┌────────

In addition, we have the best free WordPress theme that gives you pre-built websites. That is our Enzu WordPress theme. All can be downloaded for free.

└────────
┌────────

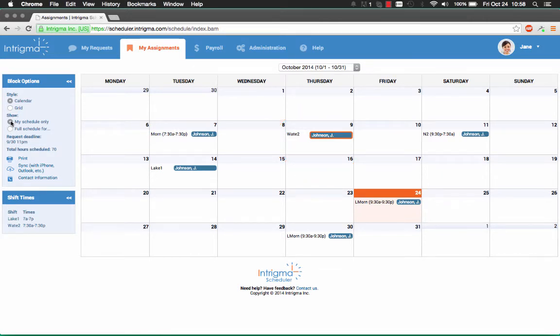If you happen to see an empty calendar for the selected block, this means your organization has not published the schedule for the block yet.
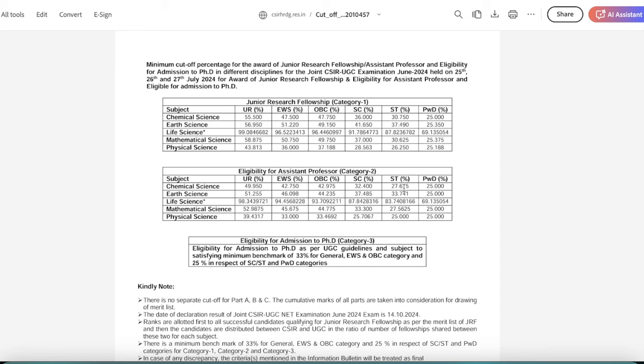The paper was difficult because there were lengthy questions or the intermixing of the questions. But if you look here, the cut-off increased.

└────────
┌────────

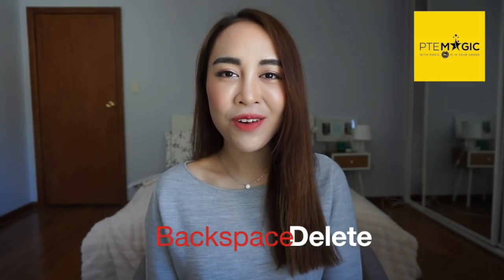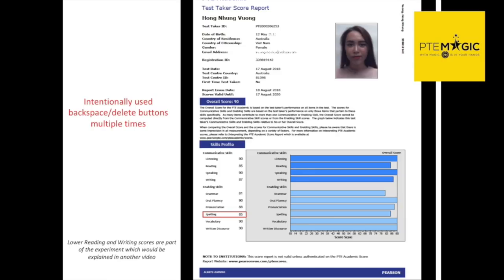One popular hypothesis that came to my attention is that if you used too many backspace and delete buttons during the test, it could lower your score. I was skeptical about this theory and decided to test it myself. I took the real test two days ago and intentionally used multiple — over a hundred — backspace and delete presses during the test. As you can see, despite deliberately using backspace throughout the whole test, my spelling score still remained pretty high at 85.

└────────

* [INSTRUCTIONS TO FOLLOW]:
Nothing but the lines above from the one that has "If you happen" down to the one that has "The paper was" belongs in the answer, copied exactly, without pictures.

* [ANSWER SPACE]:
If you happen to see an empty calendar for the selected block, this means your organization has not published the schedule for the block yet.
The paper was difficult because there were lengthy questions or the intermixing of the questions. But if you look here, the cut-off increased.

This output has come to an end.